From the Cardiovascular Surgery Department of Türkiye Yüksek I.htisas Hospital of Ankara, Turkey
*Veterinary Faculty of University of Ankara, Turkey
**Immunology and Biochemistry Department of Türkiye Yüksek I.htisas Hospital of Ankara, Turkey
Background. The aim of the study was to evaluate the efficacy of iloprost on myocardial insufficiency associated with hypovolemic shock in dogs. We designed the study as a controlled randomized study.

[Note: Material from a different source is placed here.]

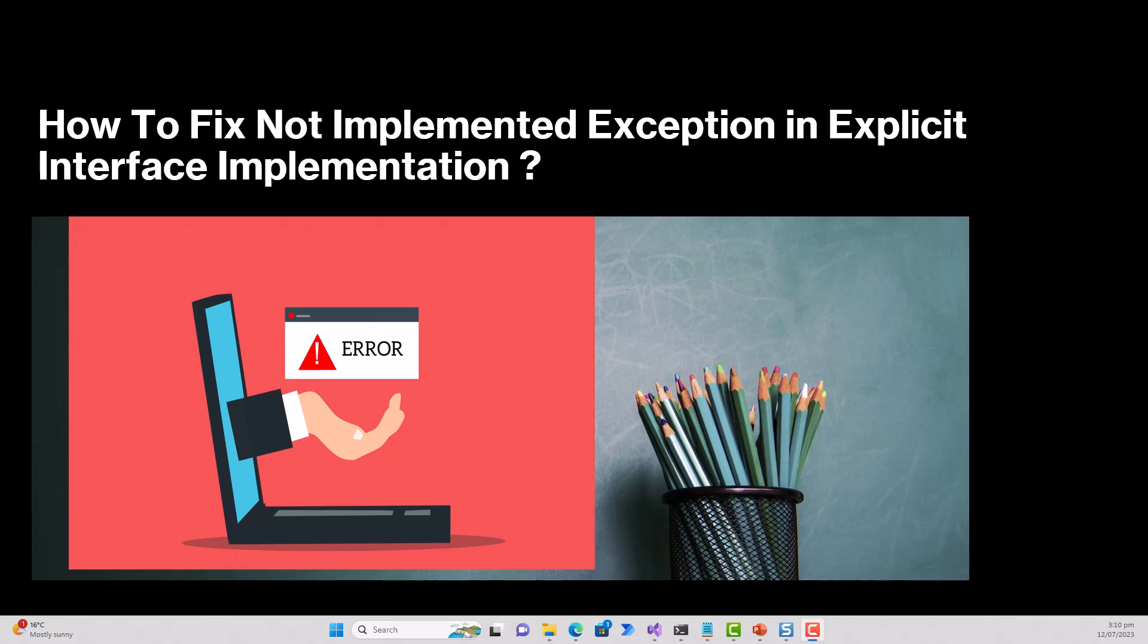Hello everyone, what I have got for you today is how to fix not implemented exception in explicit interface implementation. So over to the video.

Methods. Sixteen mixed-breed dogs were included into the study and divided into two equal groups as the control and iloprost groups. Mean arterial pressure was reduced to 45 mmHg by withdrawing the arterial blood into citrated bags. The control group did not receive any drug but the other group received iloprost at a rate of 20 ng/kg/min by an infusion pump. Iloprost infusion was started 30 min after the blood pressure was reduced to 45 mmHg. All measurements were made before removal of blood, 45 min after exsanguination and at 1 hour intervals for 3 hours. Left ventricular stroke work index was measured 72 hours after the study. The hemodynamic and biochemical parameters and blood gas analysis were obtained.

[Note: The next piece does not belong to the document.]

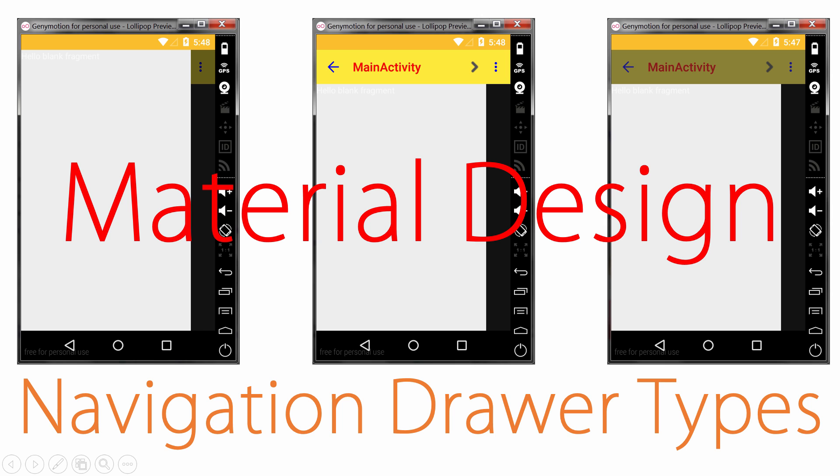Hey guys, what's up? It's me, Vivs here from SlideNerd. In this video, let's continue and try to see what are the different flavors of a navigation drawer.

Results. After hemorrhage, cardiac index (CI) decreased significantly from 132±14 to 51±8 ml/kg/min in the control group and from 128±11 ml/kg/min to 47±13 ml/kg/min in the iloprost group, respectively but at the end of the third hour it was 81±8 ml/kg/min in the control group and 105±6 ml/kg/min in the iloprost group (p<0.05). Tumor necrosis factor-α (TNFα) was 41±8 pg/ml in the control group and 18±6 in the iloprost group 3 hours after bleeding (p<0.05). Tumor necrosis factor-α concentration was significantly higher in the control group than in the iloprost group. There was no significant difference in pH between the groups but actual bicarbonate concentrations were different between the groups (p<0.05). At the end of the third hour total body oxygen consumption was 105±11 ml/ min in the control group and 132±12 ml/min in the iloprost group (p<0.05). Oxygen delivery 3 hours after hemorrhage was 201±19 ml/min in the control group and 252±24 ml/min in the iloprost group (p>0.05). Left ventricular stroke work index was higher in the iloprost group (p<0.05).
Conclusions. Hemorrhagic shock causes tumor necrosis factor-α release which may lead to multiple organ failure. Organ dysfunction still persists even after the appropriate treatment. Iloprost attenuates the release of tumor necrosis factor-α which may improve the adverse effects of hemorrhagic shock.